What am I reading? Not any of the 35-but-20-might-do-or-maybe-10. I am torn between a proof of a young adult novel (it’s not one of the 35 because it has a publication date after my deadline so I ‘should’ be focusing on other priorities, but I was devouring it until I mislaid it around the house and I’m stopping myself finding it because I ‘should’ be reading something else) and Significant Others, a Tales of the City novel by Armistead Maupin.
I read the Tales series once every decade at least, usually at times when I have a lot going on. I’m also snatching the last longing glimpses at my favourite cookbooks before they are packed for a long absence. Elizabeth David has no place in the life of an itinerant whose batterie de cuisine is miles from her temporary billet. I can’t be bothered with food apps, even when I don’t know what to cook, but never tire of reading about the construction of the perfect omelette.
So my reading pleasure is a little tainted with guilt, but pleasure it still is. I have choice (even with 1,000 books gone, I still have every kind of book I might want to read within arm’s reach where I can see them – no need to know what I want to read first and find it online) and self-determination (nobody needs to know what I am reading and I don’t have to talk to anyone about it, but I can if I want to). These strike me as ideal reading conditions. How can they be replicated in a child’s world?
I have read for pleasure since my third year at primary school. I remember little of the books we read at school that year, I had no children’s books at home, I didn’t start reading comics until the next year and I had not yet discovered the public library that became my reading life support, but I remember being called up to the front to read a poem to the class once a week. Everyone managed to do this: six of us had a turn every day.
We were encouraged to choose a poem from the class shelf of anthologies but otherwise Miss Fox would allocate them to us. A A Milne loomed large. Hearing words that I enjoyed (‘I am Sir Brian as bold as a lion’) made me want to read more of them. There were books in the classroom that we were allowed to take to our desks, into the playground at lunchtime and finally home, although I don’t remember a school library.

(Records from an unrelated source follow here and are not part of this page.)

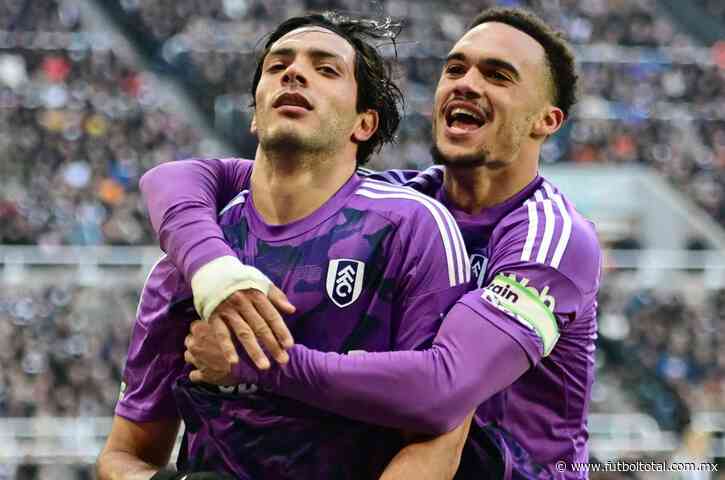 Fulham vs Nottingham Forest: Cómo y dónde ver a Raúl Jiménez en Premier League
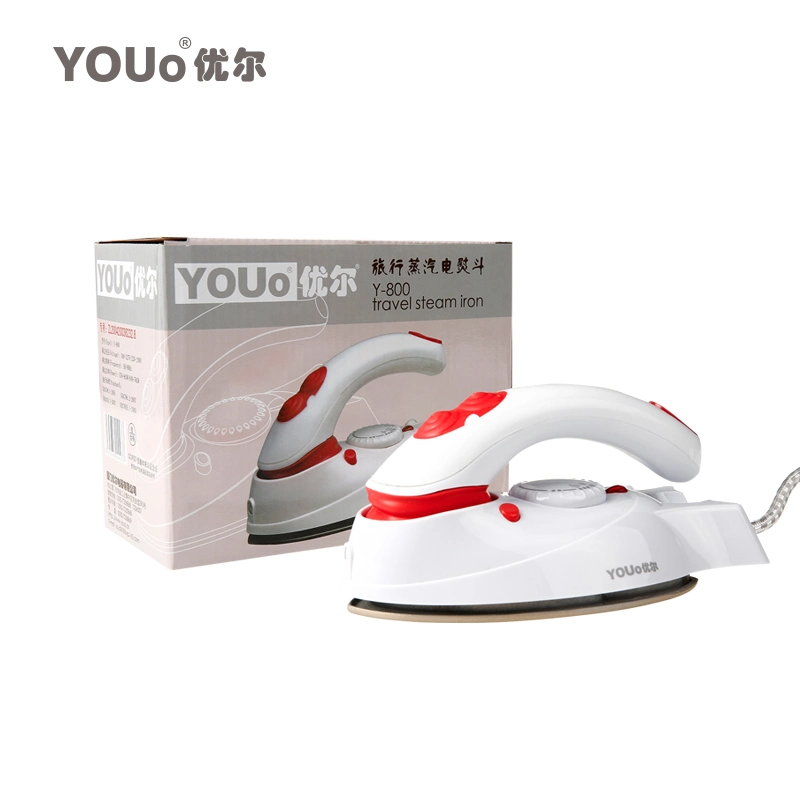 High Quality Hand Held Steam Iron Clothing Steamer Travel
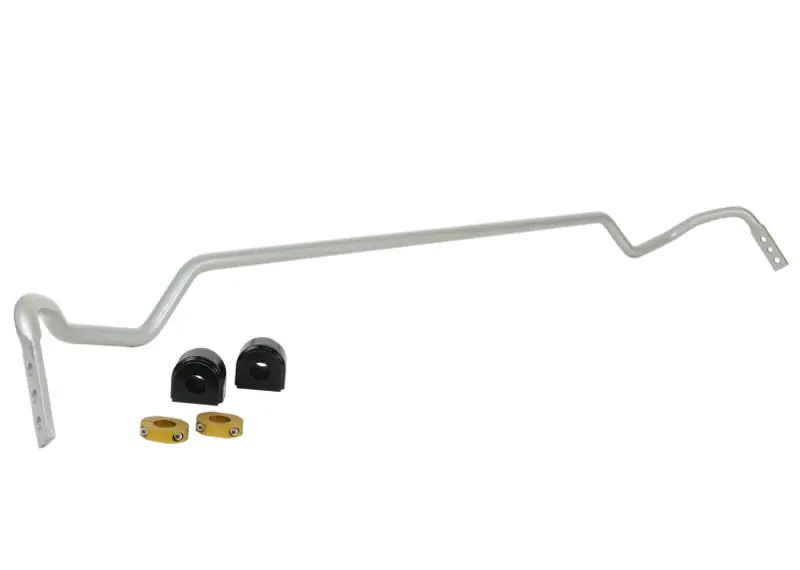 Whiteline 19-20 BMW Z4 Rear 18mm Heavy Duty Adjustable Swaybar (WHLBTR99Z)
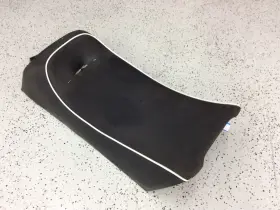 2681518 Polaris Seat Saddle Black 1991-1996 Indy Lite Starlite Gt Deluxe 340 Oe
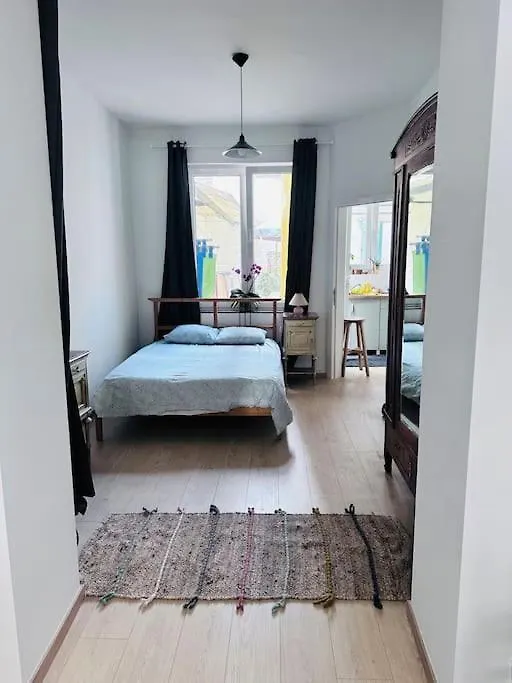 Cosy Appartement Pres Du Centre Bruxelas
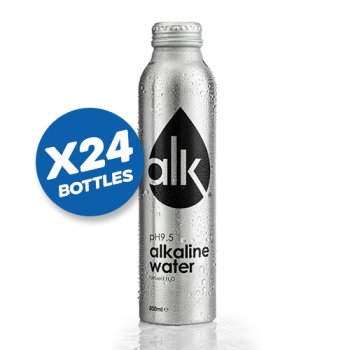Alk Alkaline Water (24 x 500ml)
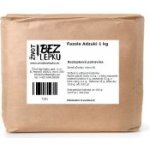 Život bez lepku Fazole adzuki 1 kg – Zboží Dáma
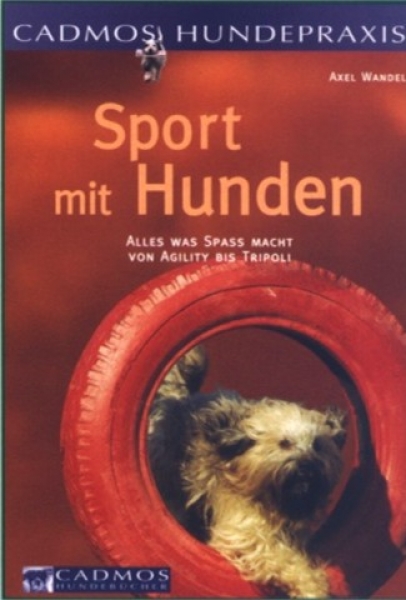 Buch Sport mit Hunden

Later, there were at least four books a week from the public library, a habit I kept up till my mid-twenties when I encountered higher education and a huge reading load that wasn’t available in the public library. My literature degree was my first encounter with the need for recreational reading alongside required reading. I borrowed my recreational reading from friends who had jobs and bought books: Armistead Maupin and Robert B Parker’s Spenser novels were read up to the wire as finals loomed and The Faerie Queene by the other Spenser never quite got finished.

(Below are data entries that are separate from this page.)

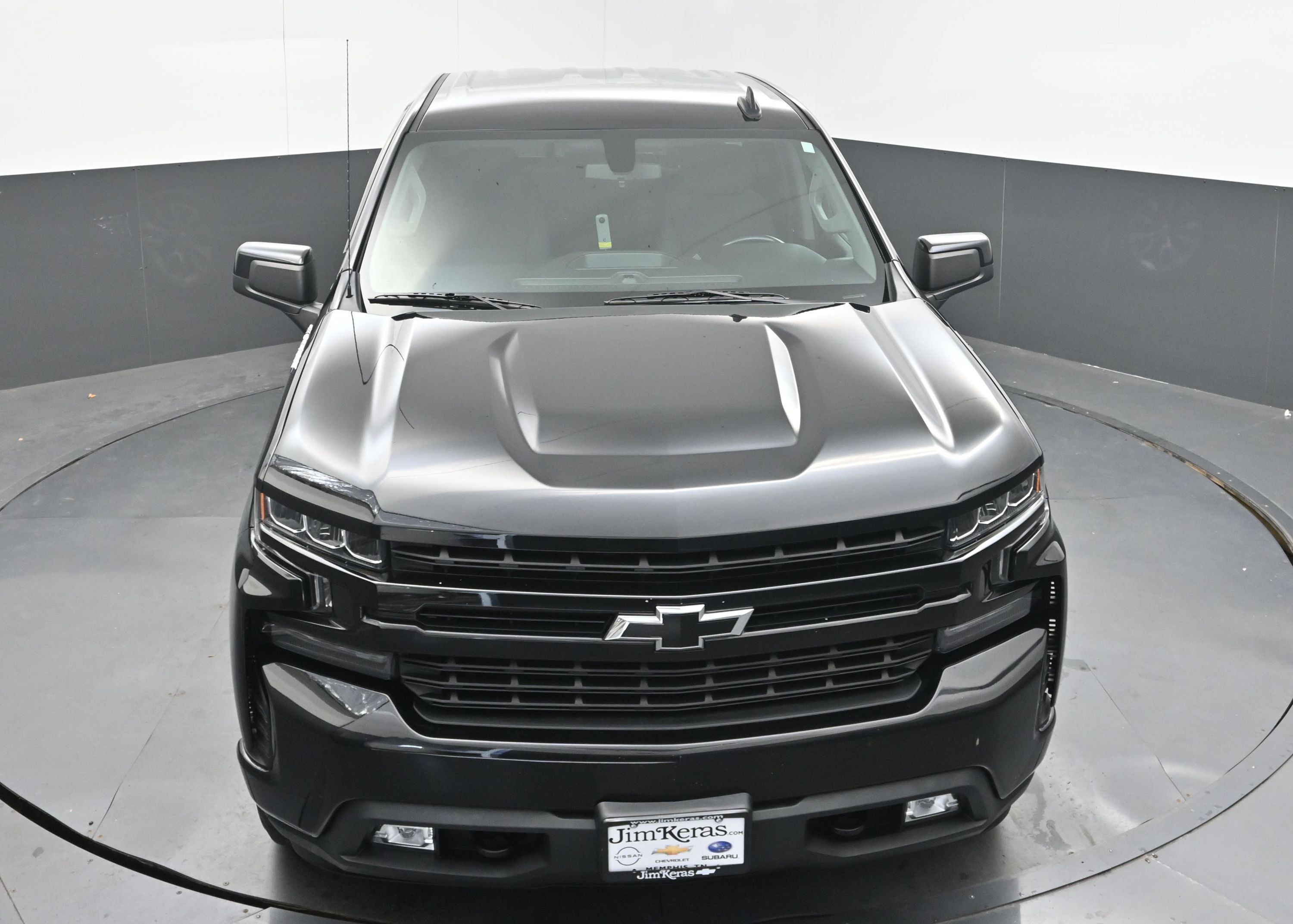 Used 2019 Chevrolet Silverado 1500 RST w/ All-Star Edition AWD/4WD image 38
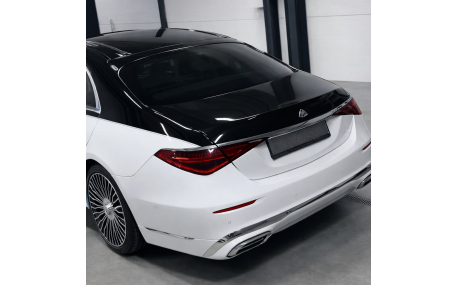 Комплект обвеса Mercedes S-class W221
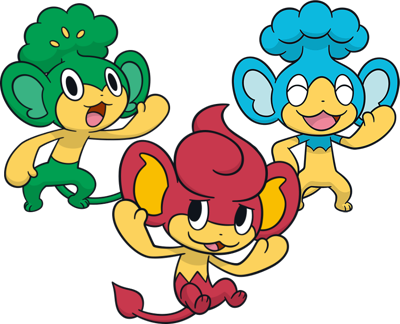 Elemental Monkey's image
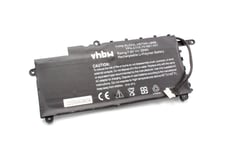 vhbw Li-Ion batterie 3800mAh (7.6V) pour ordinateur portable laptop notebook HP Pavilion 11 X360 Series 11-n010dx, 11-N000, 11-N030TU, 11-N040TU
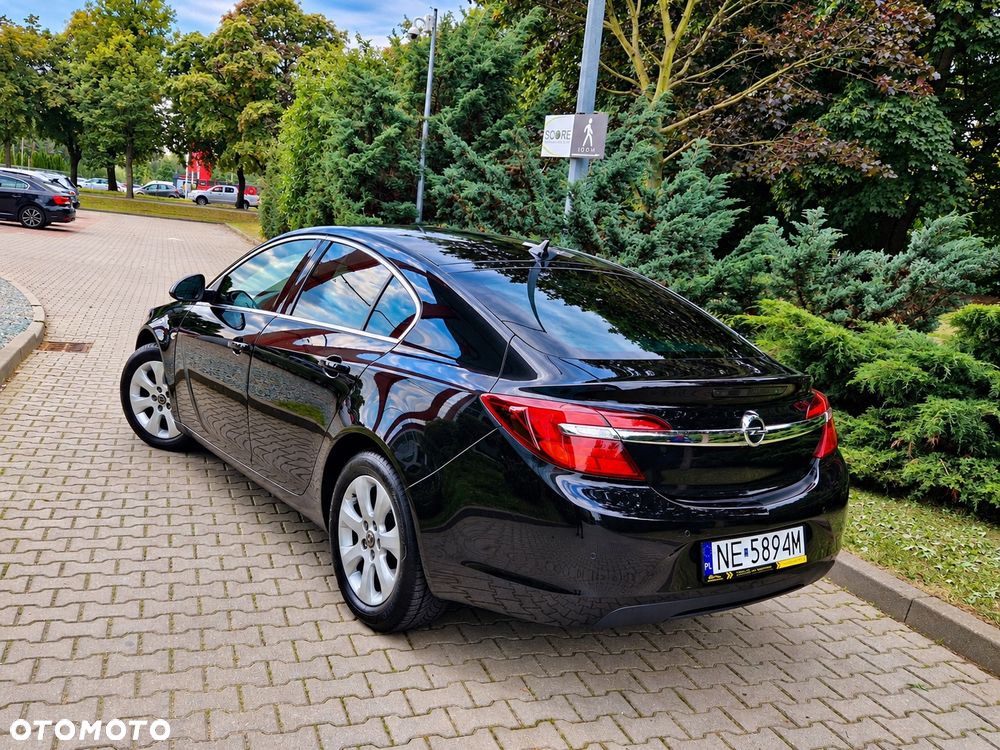 Opel Insignia 1.6 SIDI T ecoFLEXStart/Sto Innovation - 3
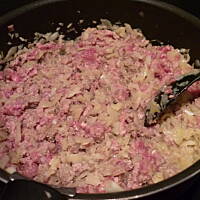 Zapiekanka w trzech sosach!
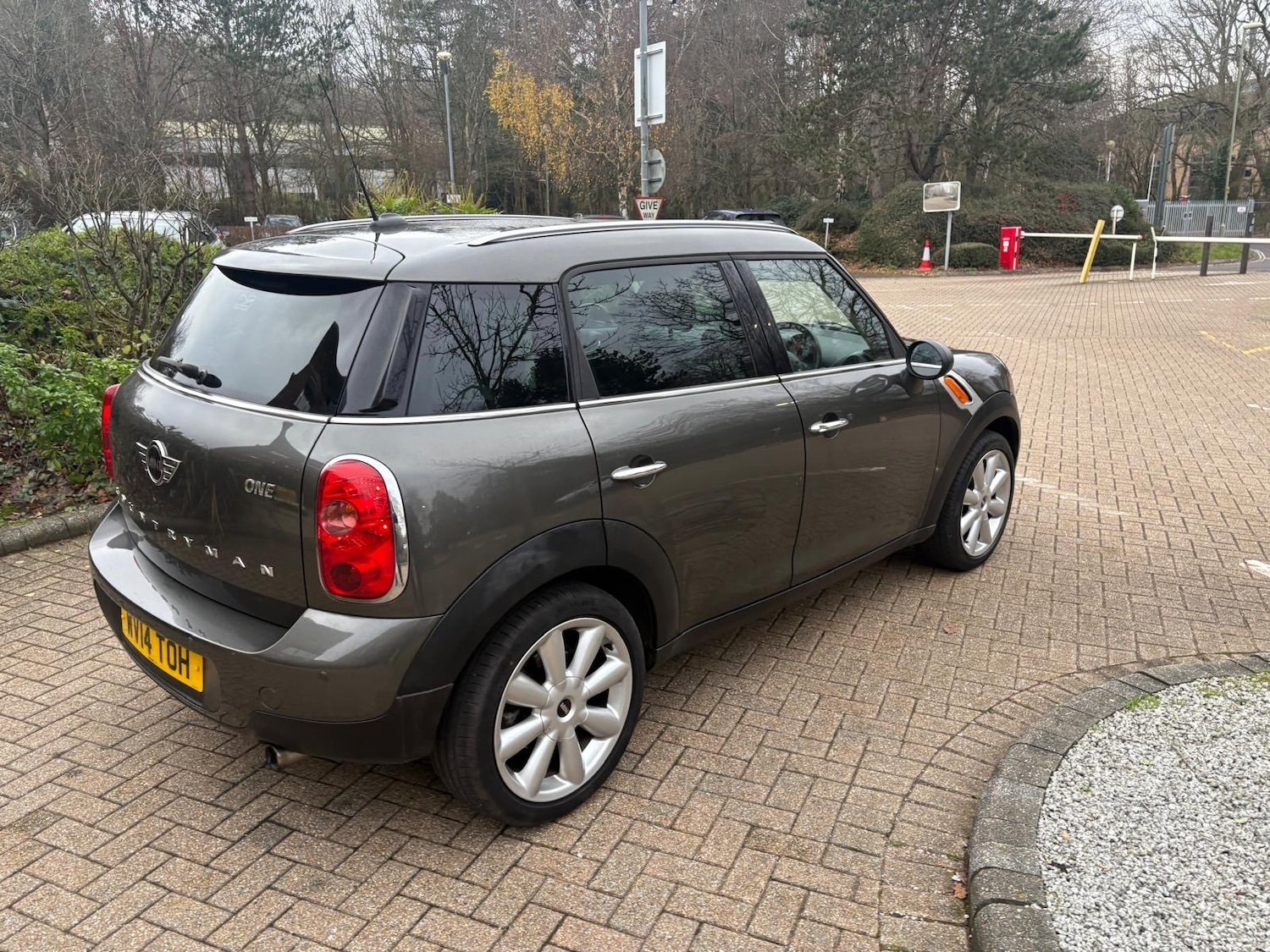 Used MINI Countryman 2014 for sale - 77124312: Photo 6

Being given access to even a limited choice of books in early life led me to other ways of making choices: evening classes, connections with book-loving friends, reading groups before reading groups were semi-official, before bookshops stayed open late and served coffee, before World Book Day.
Having enough books to make a choice means you’ve got your own secret seam to mine alongside the books you need to read, and even want to read, but about which you need to report to someone else. Readers need to dabble and diversify, tweet about their reading if they want to or hug their books in secret if they prefer, and read whatever they love aloud (song lyrics, limericks, A A Milne, Shakespeare’s sonnets) even when nobody is listening.
Geraldine Brennan is a journalist specialising in children’s books and education, regularly reviews for the Observer and has judged several literary awards.